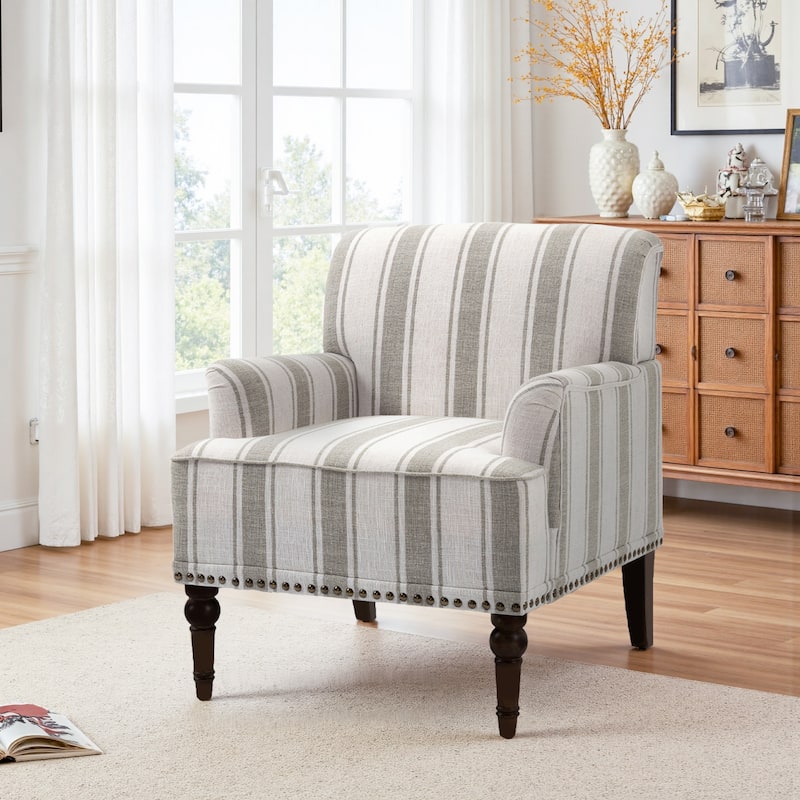 Modern Striped Accent Chairs with Arms - Brown Stripe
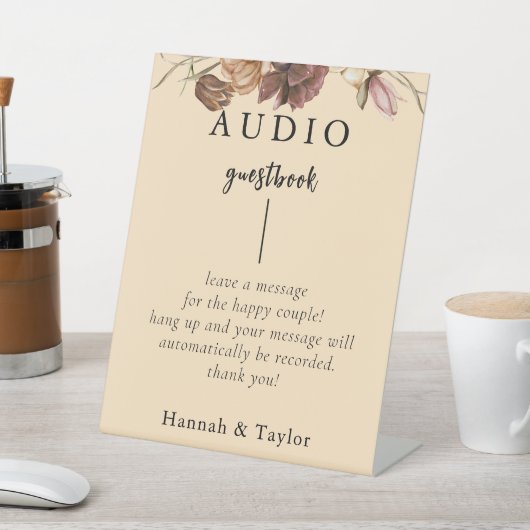 Elegante Herfst Bloemenbruiloft Telefoon Gastenboe Reclamebord Met Voetstuk (Insitu)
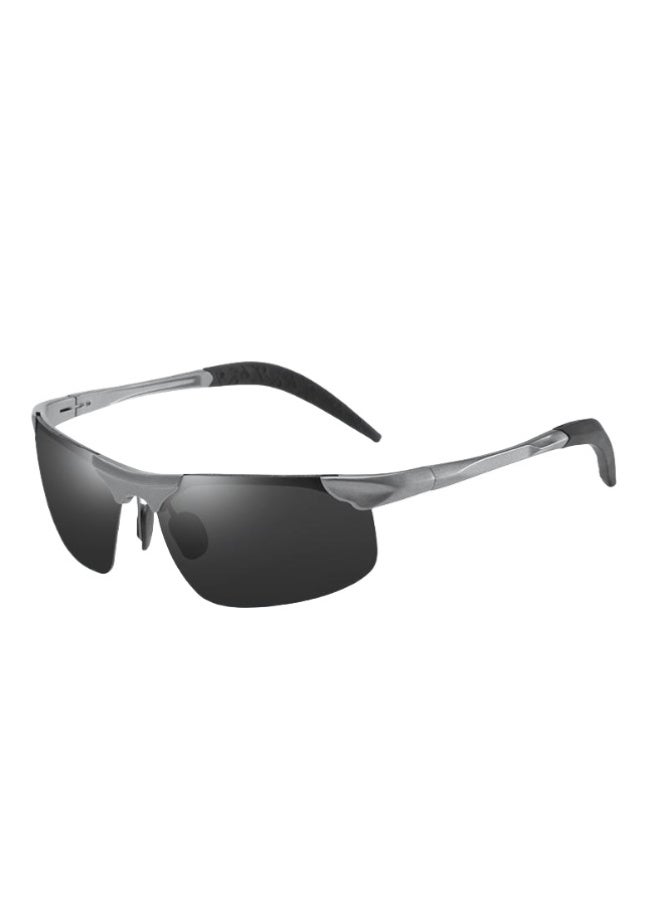 ZESITH New Polarized Men Sunglasses 8177, Retro Metal Half Frame Sports Driving Shades - Gunmetal Frame Dark Grey Lens C3 - Image 3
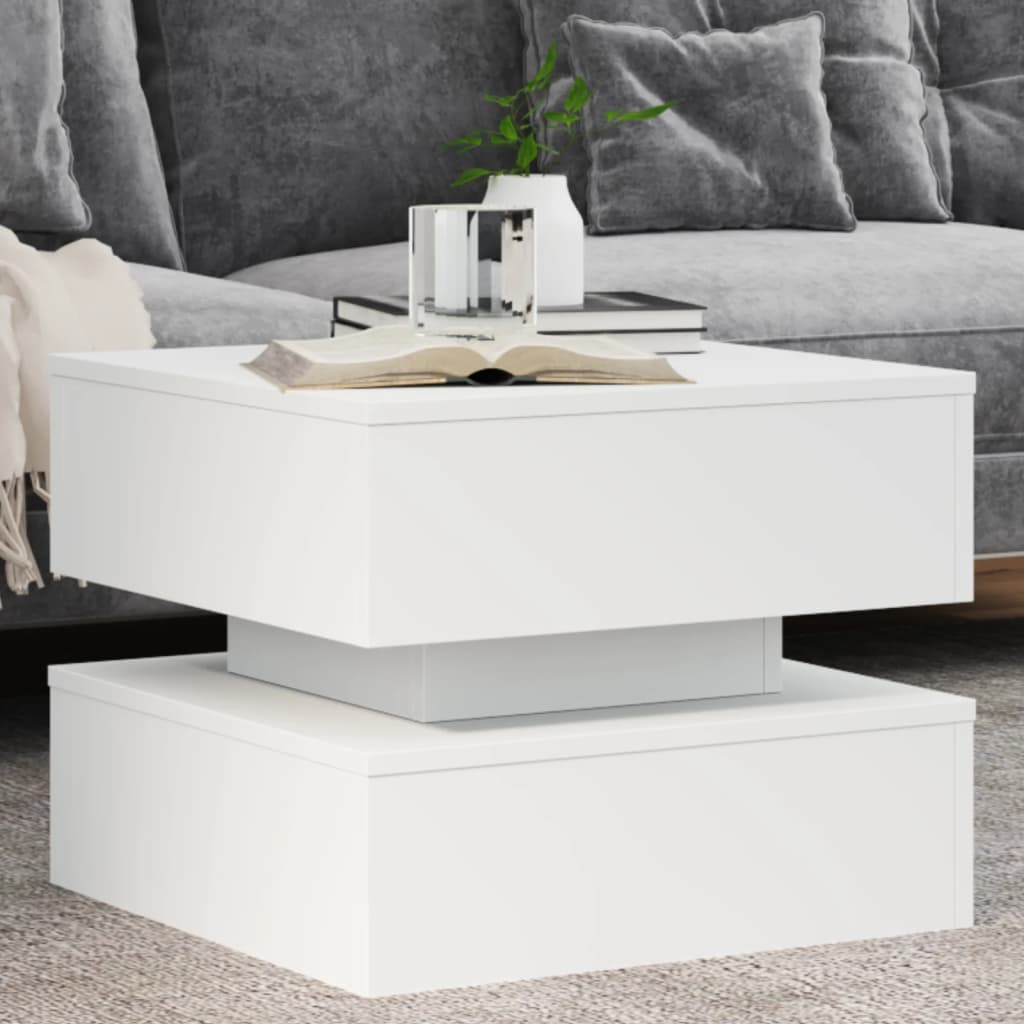 vidaXL Coffee Table with LED Lights White 50x50x40 cm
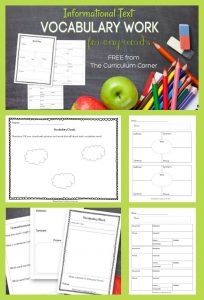 Free informational text vocabulary work from The Curriculum Corner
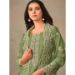 Picture of Organza Dark Khaki Straight Cut Salwar Kameez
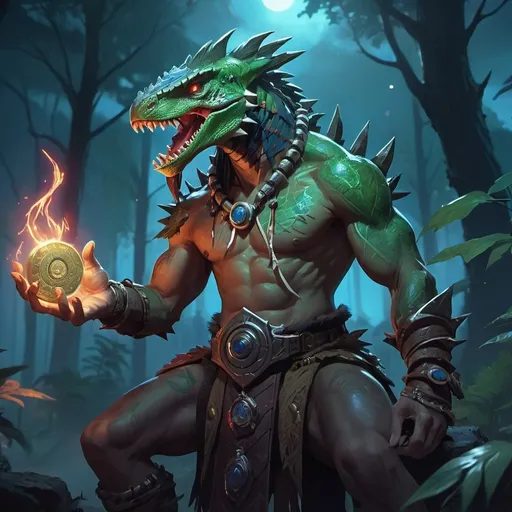 Prompt: a bare-chested lizardman shaman dressed like a medieval savage draws a magic seal in front of night forest, Dr. Atl, vanitas, league of legends splash art, cyberpunk art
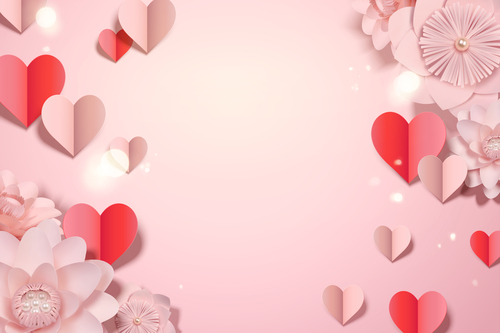 Ornate valentines day card pink vectors 03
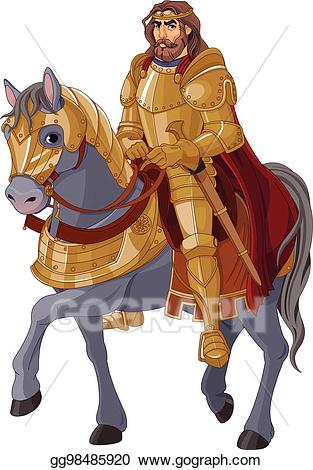 Announcements clipart medieval. Vector king horseback illustration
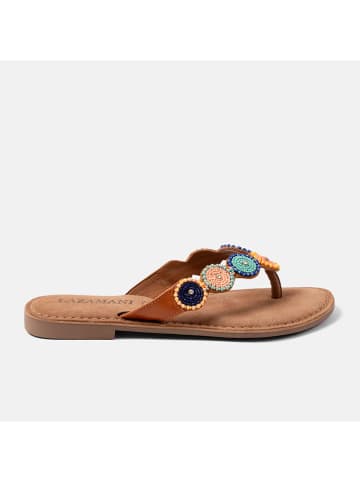 Lazamani Leren teenslippers lichtbruin/meerkleurig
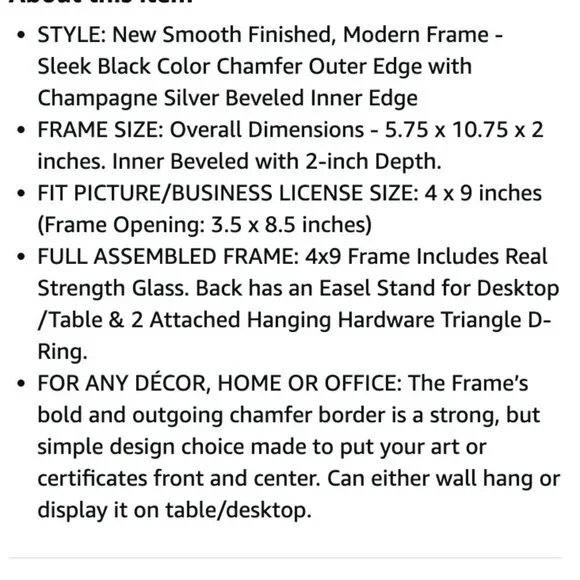 Business license frame, black and silver wood NWT - Picture 5 of 5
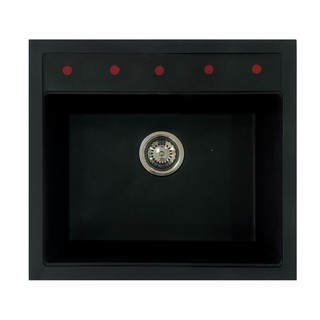 Carysil - chậu rửa bát đơn bằng đá granite - wal3-03 - chuyên lắp quầy bar / đảo bếp - màu đen - 560x510mm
----------------------------------------
:: What you are asked to do ::
Begin at the line that contains "Lazamani Leren teenslippers" and transcribe exactly, and only, each line through the final line of the data above, both included; the pictures do not go in.

:: Output ::
 Lazamani Leren teenslippers lichtbruin/meerkleurig
 Business license frame, black and silver wood NWT - Picture 5 of 5
 Carysil - chậu rửa bát đơn bằng đá granite - wal3-03 - chuyên lắp quầy bar / đảo bếp - màu đen - 560x510mm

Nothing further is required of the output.